The game opens shortly after the events of a horrifying battle, a war in which you were the prevailing hero. But after standing toe-to-toe with the gnarly sounding Dark Wizard, all memories of your former life have been wiped from your brain. Instead of living the life of a gallant hero, you instead begin to slowly piece back together your life, with the help of a few friends, slowly rebuilding your life while helping to build a brand new, easy-going, settlement.
Farming, mining, and building are fundamental elements of Littlewood, such is the farming sim way. But rather than comfortably fitting into the usual pigeon-hole of a specific genre, the game brings with it a magical aspect that the player discovers with each passing moment of spring. But unlike goliaths like Stardew Valley, this is not simply a farming game, so if you’re here to plant your potatoes and spread your manure only, then you’re in for a surprise. But stick with it.
Littlewood is also about town management and the day-to-day running of your settlement. This is where the comparisons to Animal Crossing come in. Players can customise every aspect of their town, from who lives next door to who, to the placement of rocks, trees, flowers and even mountains. You also have a market to sell your findings, and welcome travellers who bring both mirth and merriment aplenty.
Now it’s time to rebuild your town
There are a few different mechanics thrown into the Littlewood mix, but Sean Young and the team at SmashGames have taken time to make sure each of these works in unison with the others. Under less watchful eyes this game could have been an utter mess, but instead it is a fully immersive simulation experience that really helps take your mind off things during such uncertain times.
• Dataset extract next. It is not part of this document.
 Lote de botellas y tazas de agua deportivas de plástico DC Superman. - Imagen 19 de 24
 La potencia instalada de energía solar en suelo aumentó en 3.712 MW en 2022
Perhaps the only real criticism with Littlewood would be there simply aren’t enough hours in the day. Days in your settlement are far too short, and some tasks eat up huge chunks of your time – time that could be better spent exploring nearby locations for magics, tools and resources. There’s also the very real pain of staying up too late, which means you’re too tired to do much the next day. When you’re character hasn’t had his or her usual 12 hours sleep then anything they do takes far longer, throwing away any chance of productivity. Perhaps a patch might be an option going forward that allows the sun to keep his hat on for just a little longer? Or maybe they could just make the coffee a whole lot stronger after those late nights!
Littlewood is the kind of game where there’s no rush to do anything, because who needs to rush now that the bad times have all gone away? This is what life is life after the events of the main story. What does Link do once he’s rescued Zelda? He probably just chills in the long-grass and enjoys the serenity of a job well done. No one demands anything of the hero because this is their downtime, and by picking up a copy of this fine title you too can bask in the glory of a life where nothing much happens, and that’s just the way we like it.
This is a beautiful looking, slice-of-life addition to any Nintendo Switch collection, and is available now in the NA store. The EU-Region Switch release is expected soon.